No setor artístico, o episódio de Harvey Weinstein, cuja conduta criminosa durante décadas foi detalhada pelo jornal New York Times. Não fora a coragem de atrizes como Rose McGowan e Ashley Judd, o mogul do cinema americano, continuaria a sua tática junto de jovens atrizes, prometendo-lhes ajuda nas suas carreiras artísticas, em troca de favores sexuais. O mesmo acontecendo na província do Quebeque com Gilbert Rozon, presidente do grupo “Juste pour rire”, e comissário de festas do aniversário da cidade de Montreal.
Neste movimento de limpeza, inclui-se também a atitude de muitas mulheres com poder, que abusam sexualmente de homens em posições subordinadas, os quais precisam ser reconhecidos e apoiados, pelas suas atitudes heroicas, quando apontam o dedo às suas agressoras e agressores.
Acho igualmente triste, o caso de muitas mulheres, que se mostram defensoras dos homens, pondo em causa muitas das alegações trazidas a público. Os homens conscientes não precisam de ser defendidos, até porque eles próprios estão a favor desta purga social. Veja-se o caso do recém-criado movimento “We Too”, que surgiu em França, após um apelo do realizador Michel Hazavanicius e do jornalista Raphaël Glucksmann, para que os homens se juntem ao movimento feminino, “Me Too”.

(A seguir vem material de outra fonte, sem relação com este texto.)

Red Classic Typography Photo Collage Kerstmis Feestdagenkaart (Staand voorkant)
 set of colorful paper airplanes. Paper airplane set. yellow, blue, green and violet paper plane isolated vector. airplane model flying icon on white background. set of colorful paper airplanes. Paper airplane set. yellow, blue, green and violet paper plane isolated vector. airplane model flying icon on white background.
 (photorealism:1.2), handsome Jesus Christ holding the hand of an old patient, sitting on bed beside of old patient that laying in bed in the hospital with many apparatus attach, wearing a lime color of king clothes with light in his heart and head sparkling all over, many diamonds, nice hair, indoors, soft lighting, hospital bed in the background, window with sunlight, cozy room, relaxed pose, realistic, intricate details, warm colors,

Se é verdade, que nesta revolução há mentiras e segundas intenções, e que todos/as são inocentes até prova de culpabilidade, há, no entanto, que continuar a expor, a falar, e a ensinar às novas gerações que o piropo, o galanteio, a atração sexual e o “flirting”, são naturais e aceitáveis, quando forem consentidos e mútuos. Tudo o mais é crime!